Dra. Eudócia representa o Senado Brasileiro em missão internacional sobre inovação em saúde e combate ao câncer
Missão oficial será no Reino Unido e na Rússia
A senadora Dra. Eudócia (PL–AL) irá representar o poder Legislativo brasileiro em missão oficial ao Reino Unido e à Rússia para tratar de cooperação internacional na área da saúde. A iniciativa tem como foco o intercâmbio de experiências sobre políticas públicas, inovação e o desenvolvimento de tecnologias voltadas ao enfrentamento do câncer, segunda principal causa de morte no Brasil e a maior no Reino Unido.
A missão integra as ações do Senado Federal voltadas à diplomacia científica e à articulação de parcerias estratégicas com outros países.
No Reino Unido, a senadora cumprirá agenda em instituições de referência como as universidades de Oxford e Cambridge, reconhecidas pelos estudos sobre vacinas personalizadas contra o câncer. A parlamentar também visitará as farmacêuticas AstraZeneca e GSK, que mantêm cooperação com o governo britânico em pesquisas na área de biotecnologia e medicina de precisão.

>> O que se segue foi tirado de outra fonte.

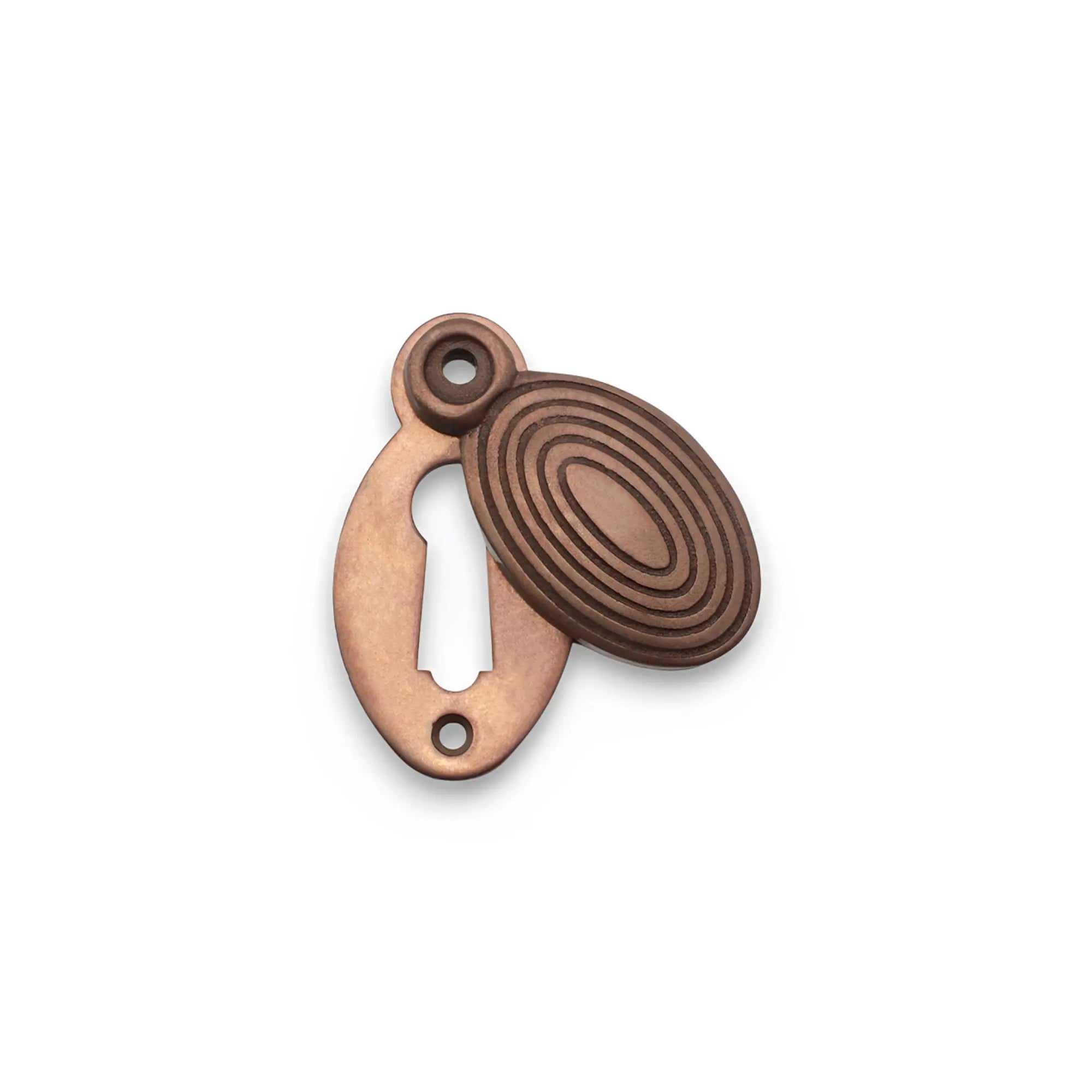 Oval Beehive Escutcheon Matt Antique Spira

Durante o trabalho, Dra. Eudócia conhecerá o funcionamento do NHS (Serviço Nacional de Saúde Britânico), que desenvolve um programa pioneiro para testar 10 mil vacinas contra o câncer em pacientes do sistema público até 2030. A senadora também se reunirá com representantes da MHRA, agência reguladora responsável pela análise e aprovação de novas tecnologias e terapias no Reino Unido, com o intuito de compreender o modelo britânico de regulação e incorporação de inovações em saúde.

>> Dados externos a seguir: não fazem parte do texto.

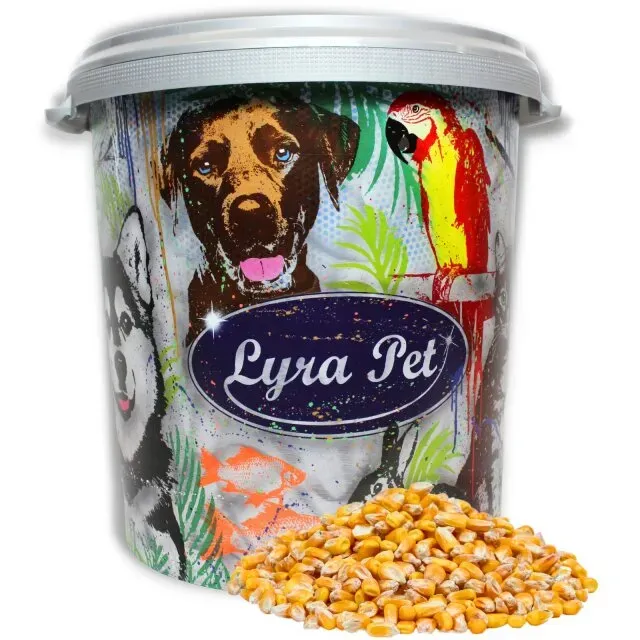 10 kg Lyra Pet® Futtermais Qualitätsfutter Körnermais in 30 L Tonne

Na Rússia, a agenda inclui visitas a centros de pesquisa e desenvolvimento de biotecnologia, com destaque para o Instituto Gamaleya, responsável pela criação de uma vacina oncológica que será aplicada em pacientes ainda neste mês. A senadora pretende acompanhar de perto os avanços dessa iniciativa e discutir possibilidades de cooperação científica e tecnológica entre Brasil e Rússia.

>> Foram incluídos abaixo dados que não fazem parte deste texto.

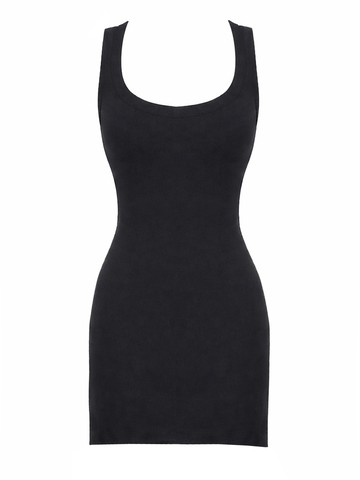 the attico viscose blend mini dress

Segundo Dra. Eudócia, a troca de experiências com instituições estrangeiras tem potencial para gerar impactos diretos no fortalecimento das políticas públicas de saúde brasileiras. “O compartilhamento de conhecimento e a transferência de tecnologias são fundamentais para garantir que o Brasil avance na produção de vacinas, no acesso a terapias inovadoras e na melhoria do atendimento à população”, afirmou.
Entre os benefícios esperados estão o aprimoramento dos processos de regulação e incorporação tecnológica no SUS, a capacitação de profissionais da rede oncológica e o incentivo à produção nacional de medicamentos. A missão também deve contribuir para a formulação de políticas que integrem ciência, inovação e gestão pública na construção de um sistema de saúde mais moderno e eficiente.